» **EXERCISE OBJECTIVE**: Starting at the line below holding "Silhouette of a" and stopping at the line holding "Delock Keystone Desktop", print every line exactly, both ends included, and leave the rest out.

═══ DATA FOR REVIEW

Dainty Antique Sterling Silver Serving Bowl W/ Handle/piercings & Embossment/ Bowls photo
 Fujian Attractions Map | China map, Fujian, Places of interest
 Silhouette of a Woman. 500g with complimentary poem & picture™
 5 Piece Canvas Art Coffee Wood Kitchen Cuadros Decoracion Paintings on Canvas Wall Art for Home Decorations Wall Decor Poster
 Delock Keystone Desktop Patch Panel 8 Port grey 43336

══════
═══ DATA FOR REVIEW

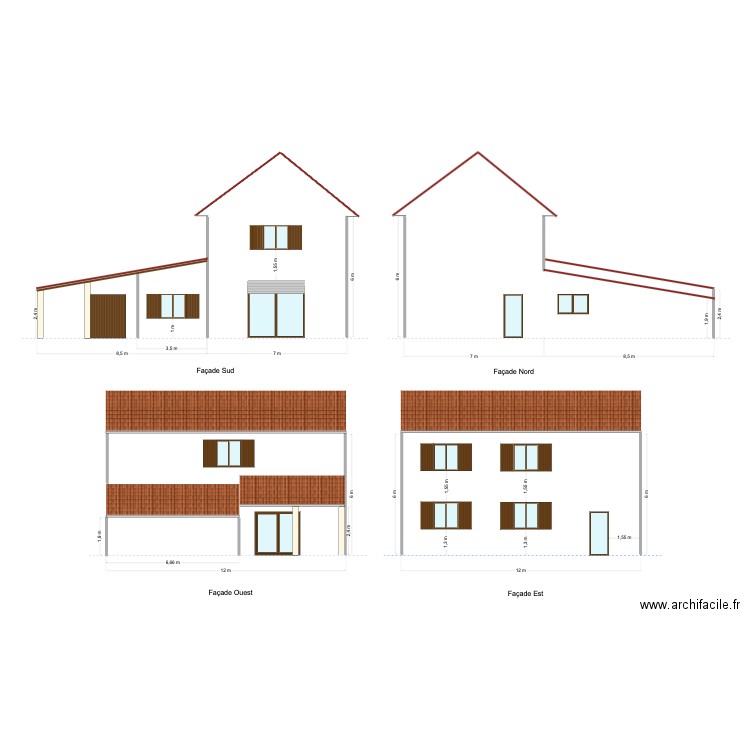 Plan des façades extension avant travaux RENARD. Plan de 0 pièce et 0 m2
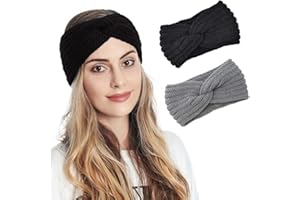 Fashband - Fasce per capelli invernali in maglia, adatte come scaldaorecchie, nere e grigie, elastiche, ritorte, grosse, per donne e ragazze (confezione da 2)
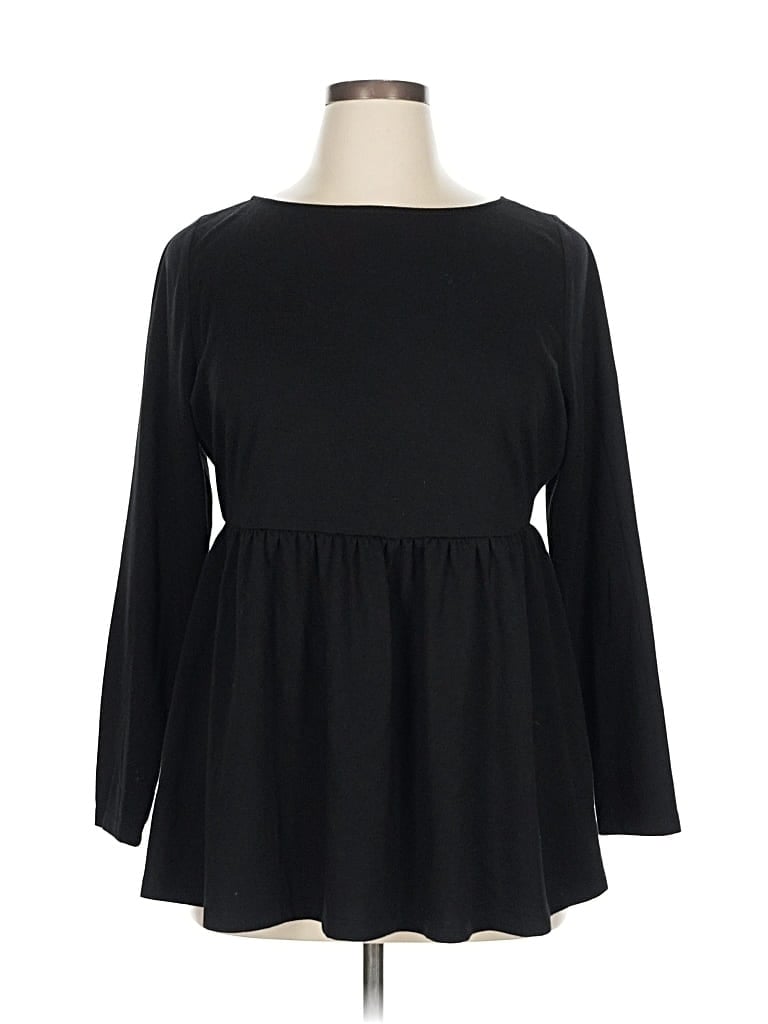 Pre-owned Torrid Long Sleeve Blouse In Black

══════

» **SOLUTION TO THIS PROBLEM**:
 Silhouette of a Woman. 500g with complimentary poem & picture™
 5 Piece Canvas Art Coffee Wood Kitchen Cuadros Decoracion Paintings on Canvas Wall Art for Home Decorations Wall Decor Poster
 Delock Keystone Desktop Patch Panel 8 Port grey 43336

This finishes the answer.